11 Eylül sonrası küresel ölçekte terörle mücadele seferberliğinin altından neler çıktı çok çarpıcı biçimde tanık olduk. Terörle mücadele ve ahlak dersi verenlerin bütün dünyaya terör yöntemleri ihraç ettiğini, bunu da yeni uluslararası gerçeklik olarak pazarladığını, bir çoğumuzun maalesef bu palavralara inandığını gördük. İşkence ve insanlık suçları bize terörle mücadele adı altında yutturuldu.
2003 Irak işgalinin çirkinlikleri sadece bu ülkedeki yüzbinlerce ölüm değildir. Tüm insanlık için en ahlaksız yöntemlerin normalleştirilmesidir. Bu ahlaksız işgal ardında sadece terör ve kaos bırakmıştır. IŞİD'i doğuran çevresel şartları ABD üretmiştir. Şimdi kalkıp bize, bu coğrafyada yaşayanlara yeni yalanlar, kendince gerçekler sunmasın. ABD ve malum koalisyonun bu bölgede hiçbir kredisi yoktur, hiçbir ahlaki değer taşımadıkları da tescillenmiştir.
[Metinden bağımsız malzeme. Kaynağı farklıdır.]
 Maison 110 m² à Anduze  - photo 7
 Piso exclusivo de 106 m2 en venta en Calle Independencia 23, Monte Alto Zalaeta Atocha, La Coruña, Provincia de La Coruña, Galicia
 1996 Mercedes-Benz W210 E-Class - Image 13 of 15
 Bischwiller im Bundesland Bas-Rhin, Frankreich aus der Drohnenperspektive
IŞİD'İ DEĞİL IRAK'I CEHENNEM BEKLİYOR
Basit diplomatik yöntemlerle, kıvrak manevralarla çözülebilecek sorunları Anglo-Amerikan sağcı davranış bozukluğu ile çözmeye kalktığınızda ortada sadece enkaz ve felaket bırakırsınız. Son elli yıldır bu gerçek hiç değişmemiştir. ABD başkanlarına kahramanlık hikayeleri yazma adına milletler kıyıma uğratılmış, ülkeler harabeye çevrilmiştir.
Obama'nın 'IŞİD'i cehenneme gönderme' stratejisi bundan hiç de farklı değildir. Belki IŞİD Cehenneme gitmeyecek ama Irak'ı cehennem gibi bir gelecek bekliyor. Irak ve Suriye'nin kaderi artık birleşmiştir ve İran sınırından Akdeniz kıyısına kadar uzanan bölge bu gidişle daha uzun süre huzur bulmayacaktır.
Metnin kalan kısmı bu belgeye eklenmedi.